### DATASET EXCERPT
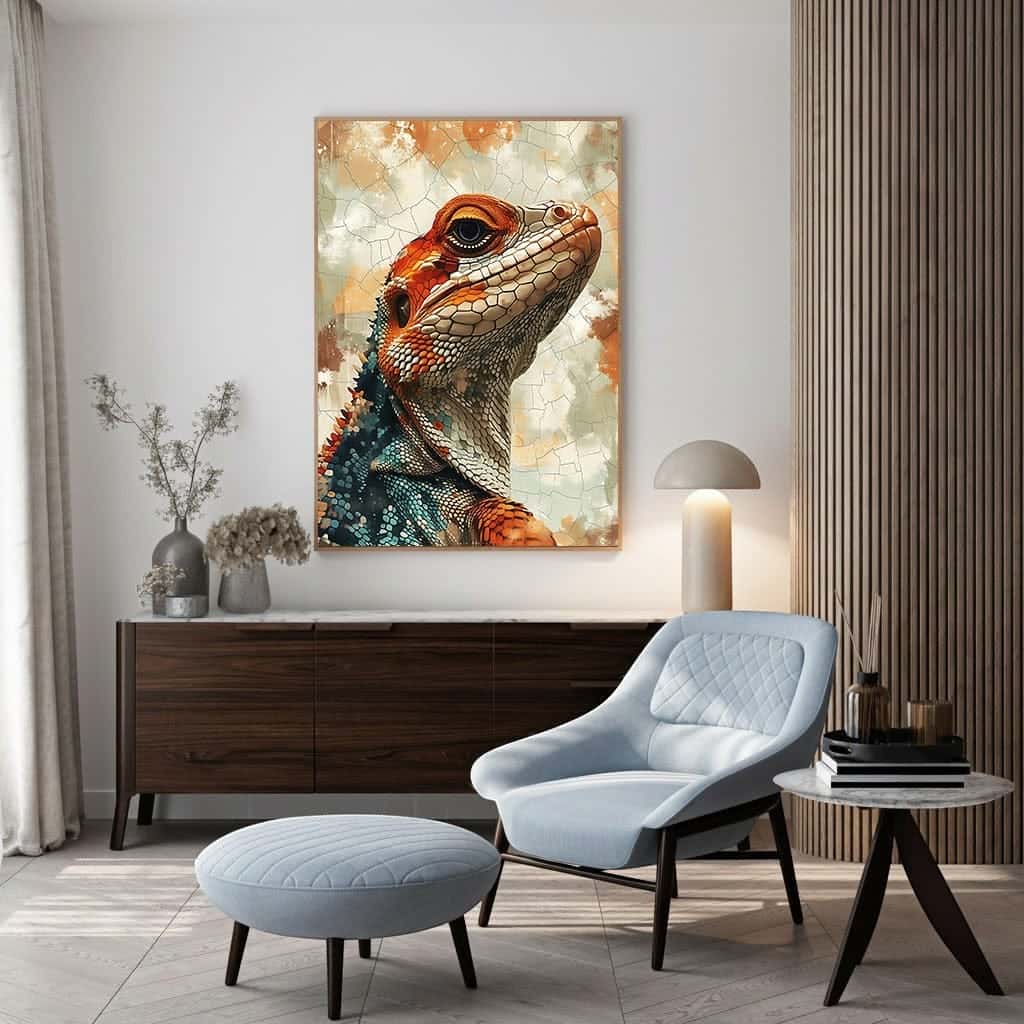 Lizard | Wildlife Artwork | Nature Wall Art | A2 at XILEF Art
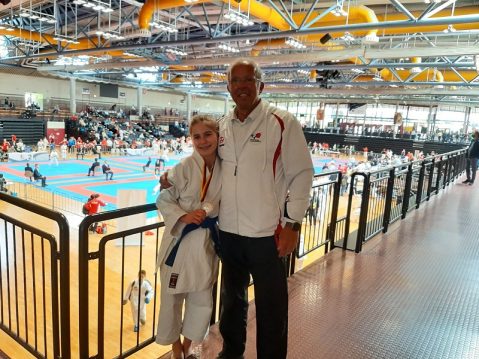 Dritter Platz für Mailin Rips beim internationalen Karate-Turnier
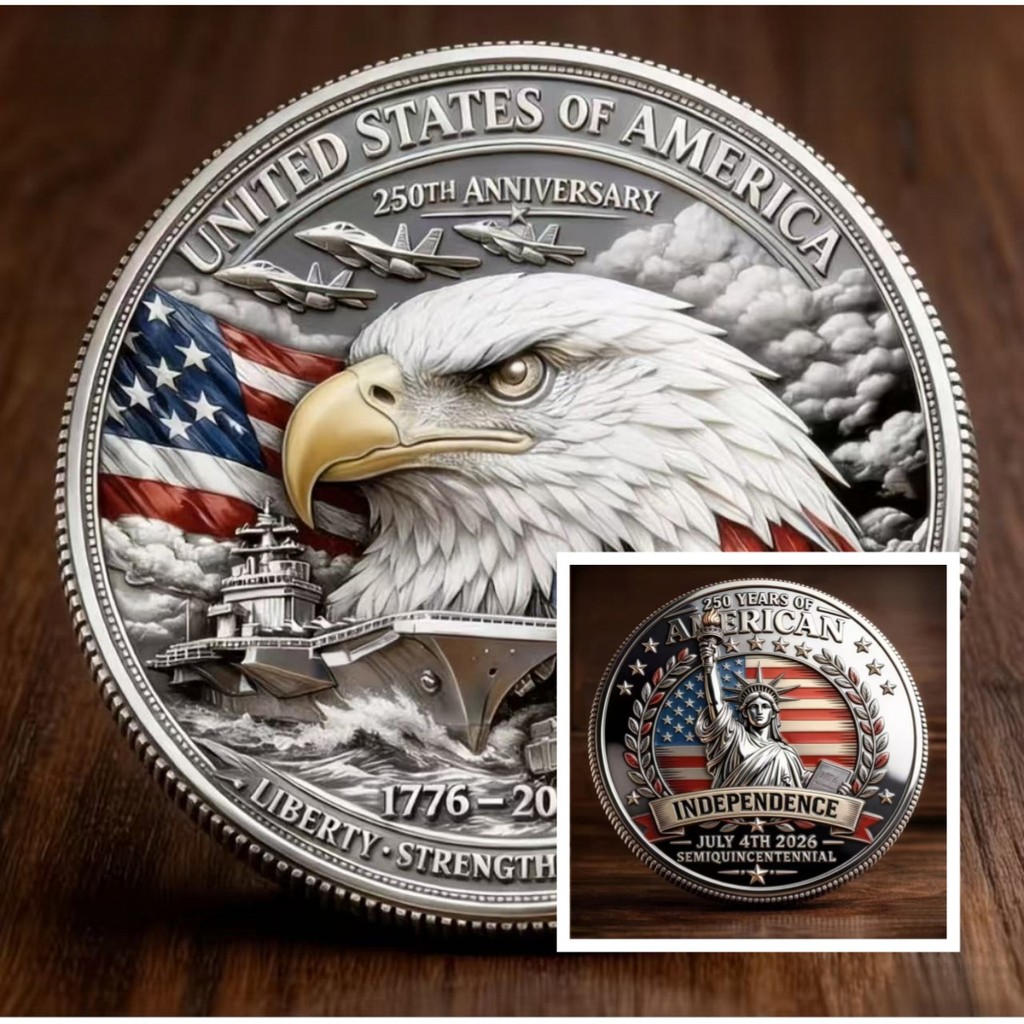DIY Game Anniversary of the 250th Anniversary of the United States - Lucky Commemorative Coins - Board Game Collectibles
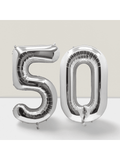 40 Inch Silver Number Balloon for 50th Birthday & Anniversary Party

### PROBLEM TO WORK ON
Only the pictures are to be left out; write out all the other data exactly.

### SOLUTION TO THE EXERCISE
 Lizard | Wildlife Artwork | Nature Wall Art | A2 at XILEF Art
 Dritter Platz für Mailin Rips beim internationalen Karate-Turnier
DIY Game Anniversary of the 250th Anniversary of the United States - Lucky Commemorative Coins - Board Game Collectibles
 40 Inch Silver Number Balloon for 50th Birthday & Anniversary Party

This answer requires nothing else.